World Radio Day's official logo looks more like a Shivalingam than a mic! |
Radio is still the most dynamic, reactive and engaging medium there is, adapting to 21st century changes and offering new ways to interact and participate. Where social media and audience fragmentation can put us in media bubbles of like-minded people, radio is uniquely positioned to bring communities together and foster positive dialogue for change. By listening to its audiences and responding to their needs, radio provides the diversity of views and voices needed to address the challenges we all face.
With the recent demise of Radio Australia, and the numerous other shortwave broadcasters who have gone dark in recent years, World Radio Day is a time to rally around this once-great broadcast medium that is very difficult to censor or jam, can be easily received in the poorest and most remote countries with little or no access to wi-fi, high-speed internet or even reliable sources of electricity, and will always come through in times of war, revolution or natural disaster. As a source of direct uncensored news from around the world, such as the democratic revolutions in Eastern Europe in 1989 that would lead to Patria's Dharmic Revolution, shortwave was "the internet before there was the internet".

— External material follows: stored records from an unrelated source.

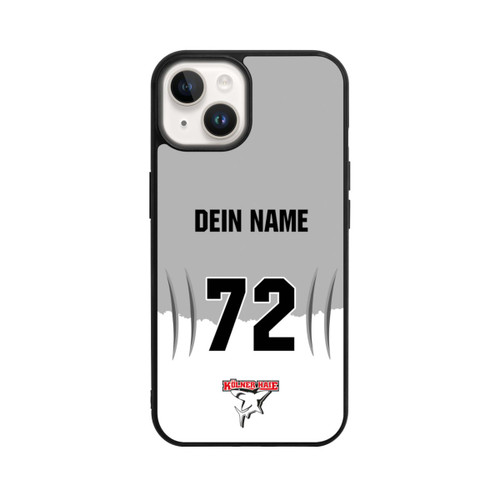 Apple iPhone 14 Base Case Kölner Haie Trikotmotiv Personalisierbar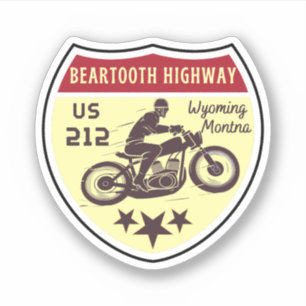 Sticker Beartooth Highwayus 212 route Montana au Wyoming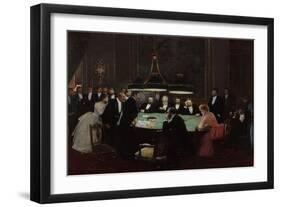 Salle de Jeu, 1889-Jean Béraud-Framed Giclee Print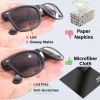 Microfiber Cleaning Cloth for Glasses Lens Cleaning Cloth Microfiber Cloth for Phone Screens Camera Lens 12 pcs Black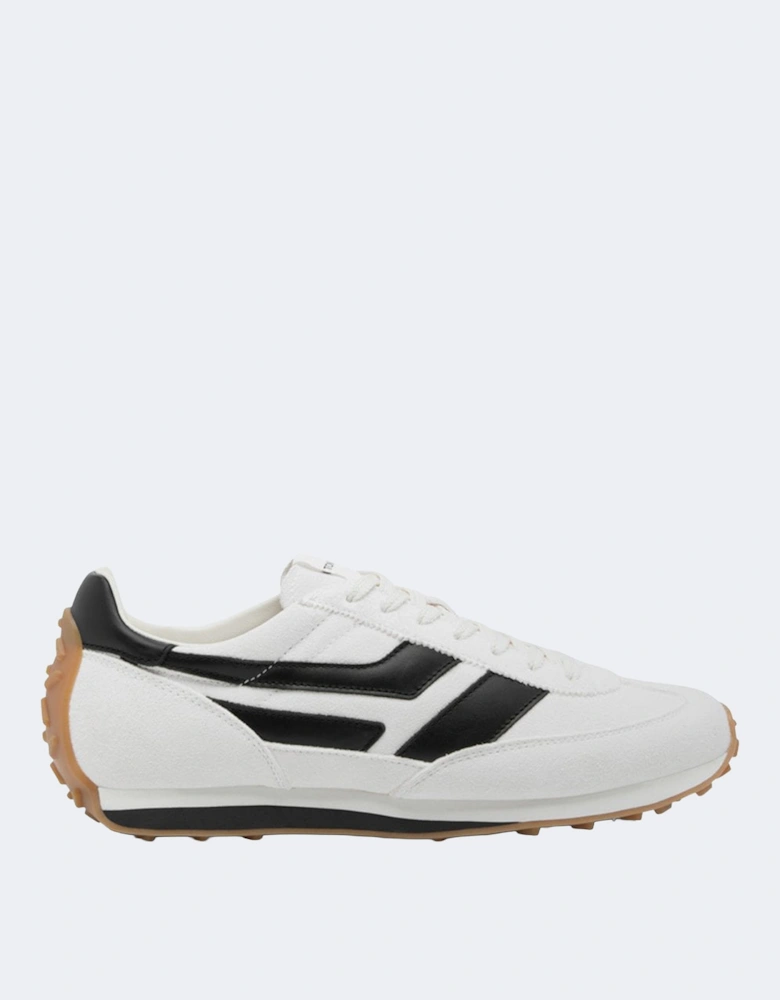 Suede + Tech Fabric Mick Sneakers White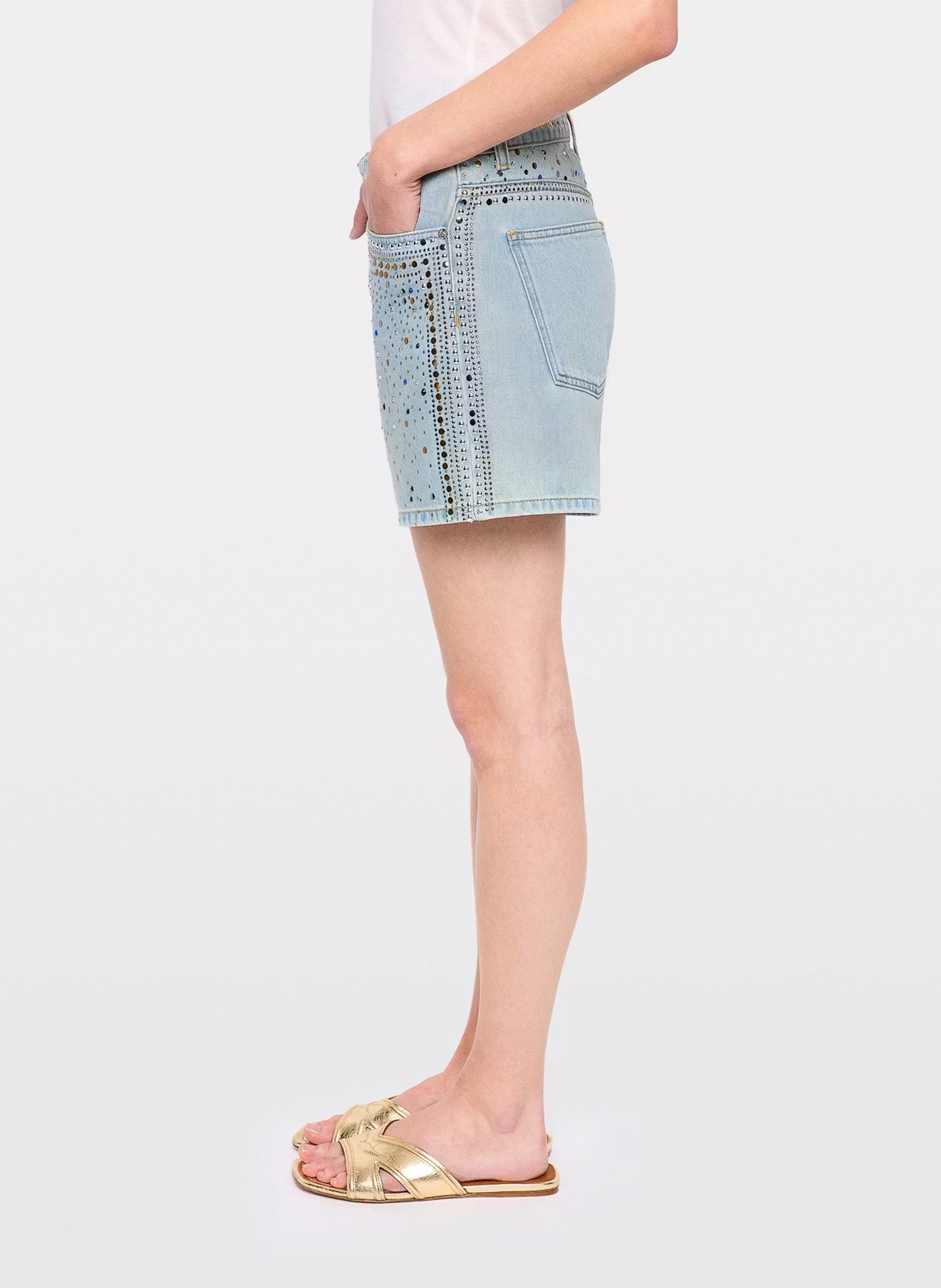 Short ample taille haute à strass ZADIG&VOLTAIRE Bleu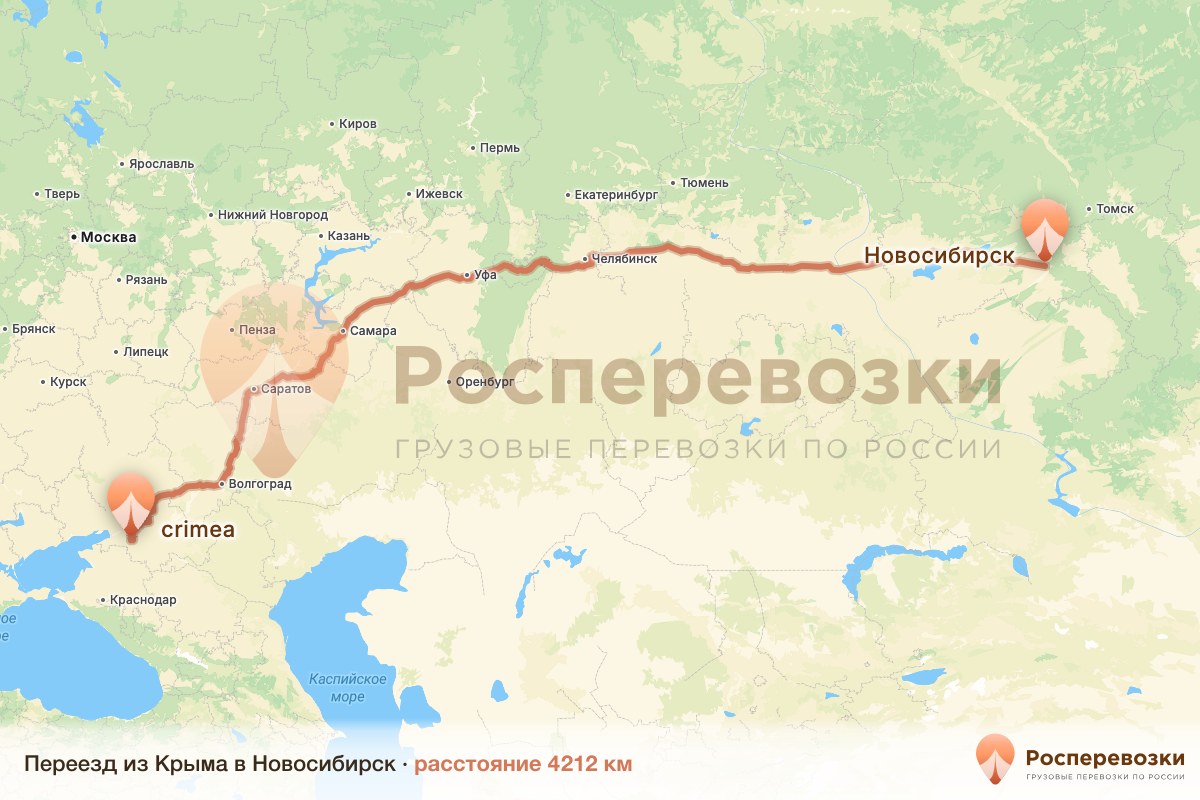 Переезд Крым Новосибирск
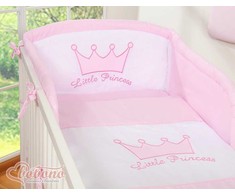 Patalynės komplektas rožinis Little Prince/Princess – saldžiam ir jaukiam miegui.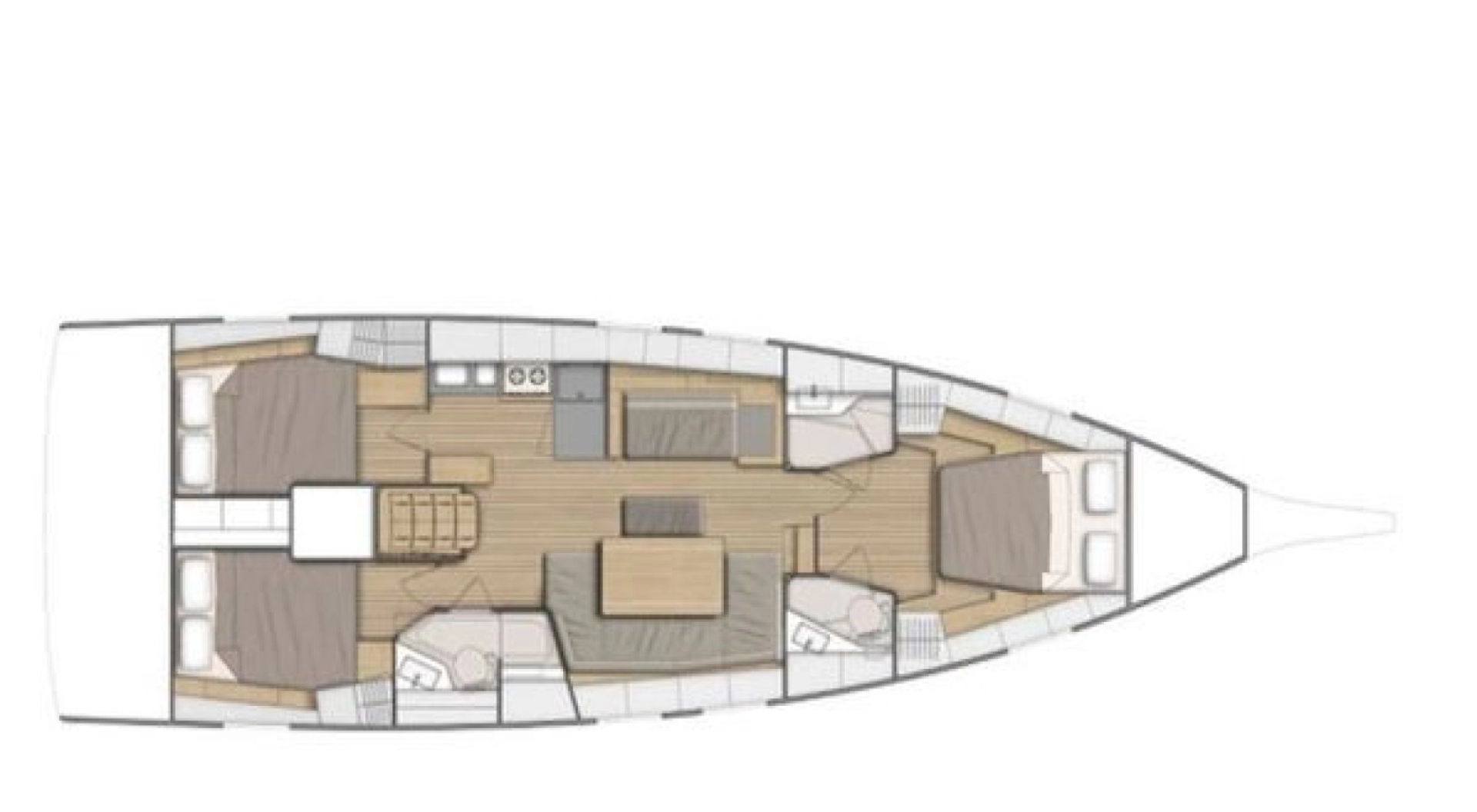 Pronájem lodi Bénéteau Oceanis 46.1 v Le Marin na Samboatu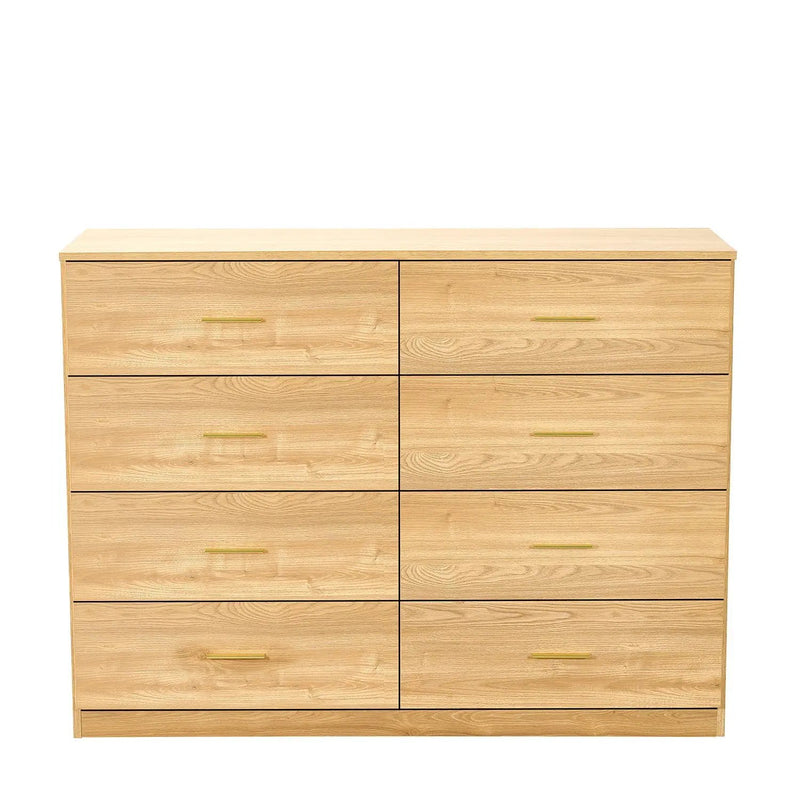 Modern Drawer Dresser For Bedroom, Ample Storage Wide Chest Of Drawers by Unique Piece Furniture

Radio in Patria is a model of what radio should be. There are no plans anywhere in Patria to replace terrestrial AM and FM radio stations with digital or so-called "DRM", as is happening in Norway. There are many stations providing relevant local programming, including "all bhajans all the time" Hindu Dharma and Bollywood hits stations similar to Trinidad's Radio Jaagriti-102.7 and Lotus FM in South Africa. For those who like all-news, all-sports and all-talk (even right wing, National Unionist and pro-Trump talk), there are AM stations in Patria that could sound like dead ringers for US AM stations, some of which are affiliates of the Jim Rome and Rush Limbaugh shows. On FM in Patria you will find college and university stations on the traditional left end of the dial (88.1 to 92 MHz), classic rockers, oldies, New Age, classical, and almost any other format you can think of that would be scoffed at as an unprofitable niche in the US or not allowed by Canada's CRTC. In Patria's capital city there is a legendary AM blowtorch with a classic three-letter call (PMC on 846 kHz), whose format is still proudly "full-service": in-depth local and national news, sports coverage (e.g. Castoropolis FC and Caesarea United in the All-Patria Football Federation), talk shows hosted by or featuring as guests politicians from various parties (Amrita, Chakra, SRM, NU, Social Democrat, etc.), Sunday morning Hindu pujas, "trading post" programs (listeners call in offering services or items for sale) and a few music shows on the weekend when there are no live sports events. To virtually no one's surprise, PMC-846 has been the top-rated station in Patria's Capital District market for almost as long as anyone can remember.